Sunday, August 23

Jonathan
2 min readSep 15, 2020

Yesterday afternoon Mom sent me a text asking how I was doing. Since leaving Fremont eleven days ago, she has checked in on me nearly every day. Sometimes it has been a simple message, like the one from yesterday, and sometimes her way of checking in is to ask me to look after the dogs once the sun has set, to let them back inside the house if it hasn’t been too hot and they’ve been running the yard all afternoon, or to let them out to pee before lying down for the night. At Fremont, the aides would do safety checks on everybody in the unit every half hour. Often when someone entered my room I would be lying in bed, on my side or supine, staring up at the ceiling. Sometimes I dozed, but mostly I seemed to hover in some vague in-between state. I never had my glasses on during those times, so whenever the door softly clicked open and the light and faint voices in the hall came nearer and there stood the shadowy figure of someone looking in on me, it was always just a presence, a subtle change in the air. Then the light at the doorway would fade, the door would click shut, and I’d be alone again.
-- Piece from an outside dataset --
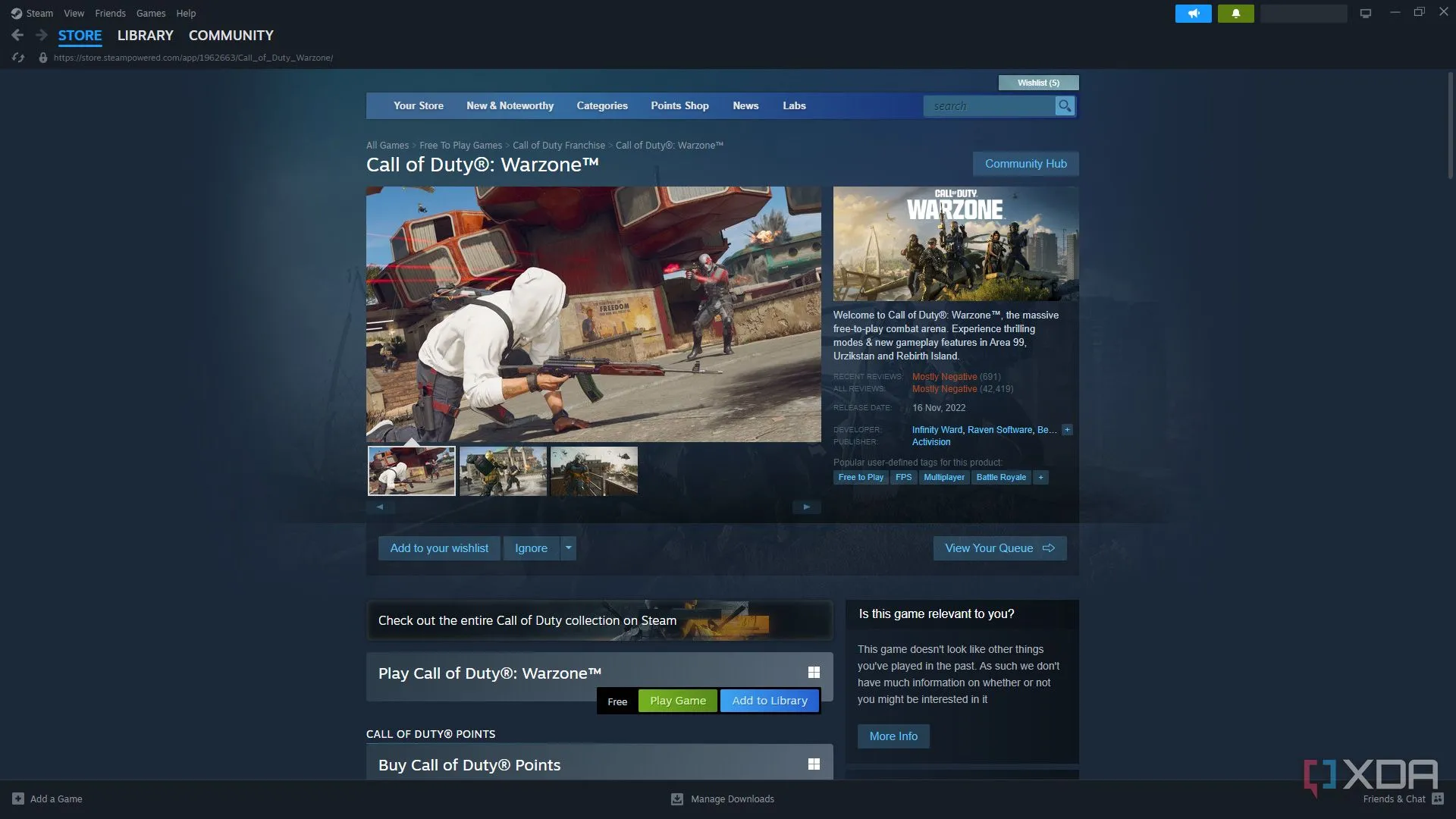 Trang Steam của game Call of Duty: Warzone, tựa game AAA dung lượng lớn cần tính năng sao lưu tiện lợi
Now that I am out I find myself missing those half-hour room checks. I miss the feeling of being looked after, of having to sit with a doctor to discuss my mental health or tweak some part of my therapy, medication or dosage, as if it were all puzzle pieces scattered on a table and we were sliding them around, testing for the best fit. I miss having to get up, both from bed and my ever-deepening spiral, to meet with a counselor face to face, the earnest conversations and challenges to my thinking. The feeling of push back, there being something out there, outside of myself. When I have spoke of these feelings to Mom, or to Dr. Recker, or Dr. K, I’ve often described it as a sense of blowing in the wind. So much of me goes toward maintaining, hanging on each day. When someone asks how I am, when a text from Mom appears, that is all I can say. “I’m fine, I guess.” “Are you sure?” “How can I say anymore? I mean what does that word even mean?”